A combien de valeurs estimez-vous votre univers ?

Nous estimons notre univers entre 250 et 300 valeurs. Il est en constante expansion grâce aux nombreuses introductions en bourse qui ont lieu et à l’incorporation de nouveaux secteurs d’activité.

De quelle manière se caractérise la concentration de votre portefeuille ?

Le portefeuille est très concentré. Il contient 60 valeurs. Les Etats-Unis représentent 60% de nos encours, l’Europe 25%, les pays émergents 15%.

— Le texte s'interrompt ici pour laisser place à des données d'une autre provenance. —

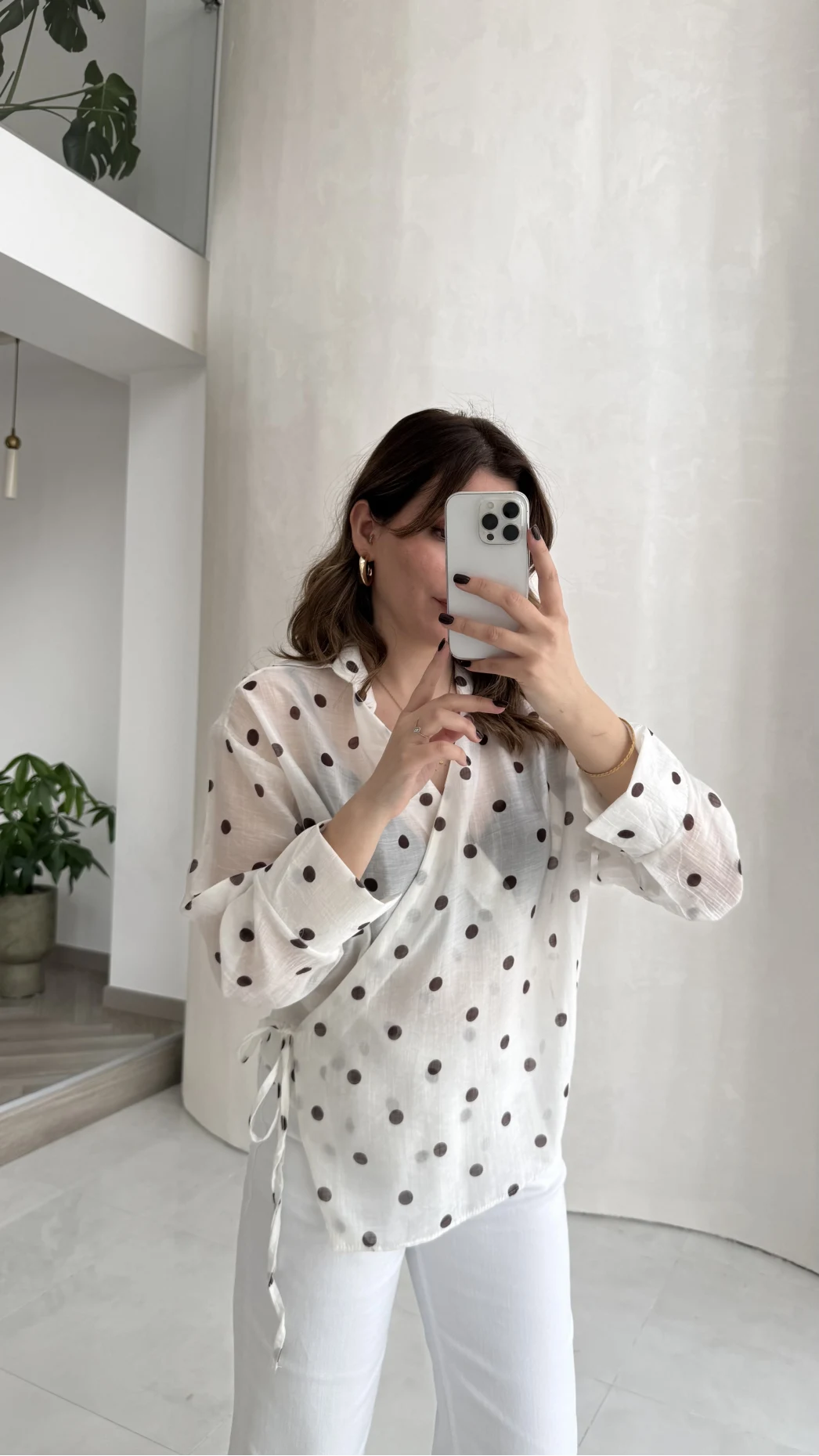 Beli Biyeli Puantiye Desen Gömlek Bluz - Ekru - Kod: 580938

Avez-vous des biais sectoriels ?

Le fonds a un biais sectoriel structurel. 50% des encours sont investis dans des sociétés technologiques. Actuellement nous avons également 15% de valeurs financières, 10% de valeurs de consommation discrétionnaire. Le reste des positions sont liées à la santé et à l’industrie.

Quels principaux risques sous-tend votre thématique d’investissement ?

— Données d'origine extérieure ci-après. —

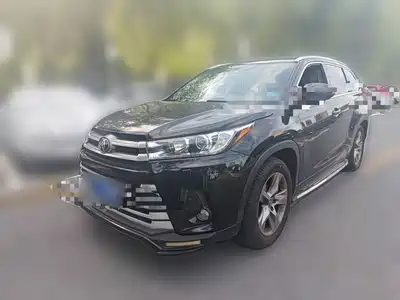 Toyota Highlander 2020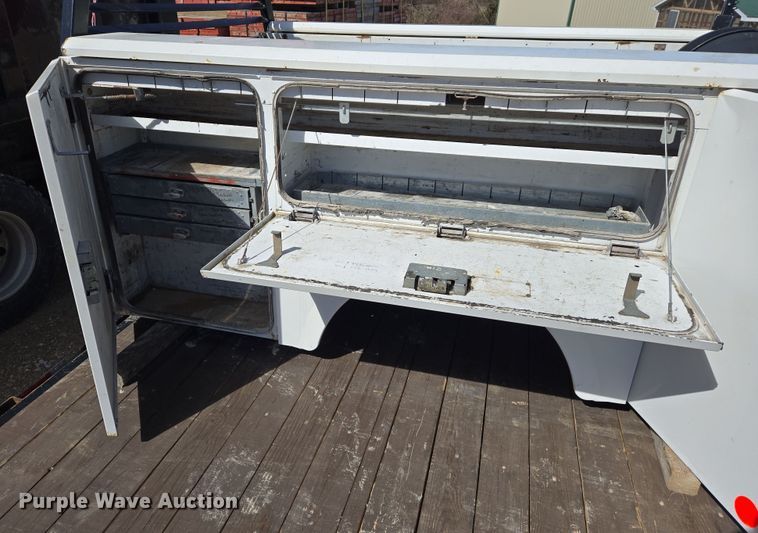 image for item DS5306 Stahl utility bed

Nous pouvons évoquer deux facteurs de risque principaux : la valorisation et la technologie.
Par ailleurs nous ne sommes pas à l’abri d’une remise en cause de l’architecture ouverte du web en raison d’une montée du protectionnisme.
Il y a également le risque du grand hack qui paralyserait des systèmes plusieurs jours ou plusieurs semaines.

Dans un horizon plus lointain, il n’est pas exclu que nous nous retrouvions dans une configuration pour les GAFA analogue à celle des opérateurs de chemins de fer au début du 20ème siècle.

Que voulez-vous dire ?

A force d’accumuler les talents et le capital, la concentration de l’innovation entre quelques mains pourrait pousser les autorités à imposer une certaine fragmentation afin de rétablir un climat de concurrence plus sain. Nous n’en sommes pas là.

Comment appréciez-vous la qualité d’une technologie embryonnaire ?

Nous nous appuyons sur les avis d’experts indépendants, de scientifiques, de chercheurs, de revendeurs neutres pour nous faire une idée sur la technologie ou sur le produit.

Pouvez-vous nous donner l’exemple d’une technologie qui paraissait de prime abord prometteuse mais qui s’est révélée finalement un échec ?

L’impression 3D. Peu de personnes ont effectué des études sérieuses pour jauger du caractère mature de la technologie. Peu ont été en mesure de distinguer les différents procédés existants et les divers marchés potentiels. Un immense amalgame a été fait en conséquence.
Des performances fulgurantes ont été observées en bourse par exemple sur Stratasys, ou 3D Systems. Le trend s’est rapidement inversé.

L’emballement a été trop rapide. Les débouchées n’ont pas été suffisants. La demande n’a pas suivi l’offre. S’est dessiné un gap évident entre ce que le consensus projetait et ce que les acteurs étaient capables d’offrir : des appareils trop lents, trop complexes, trop peu précis, trop onéreux.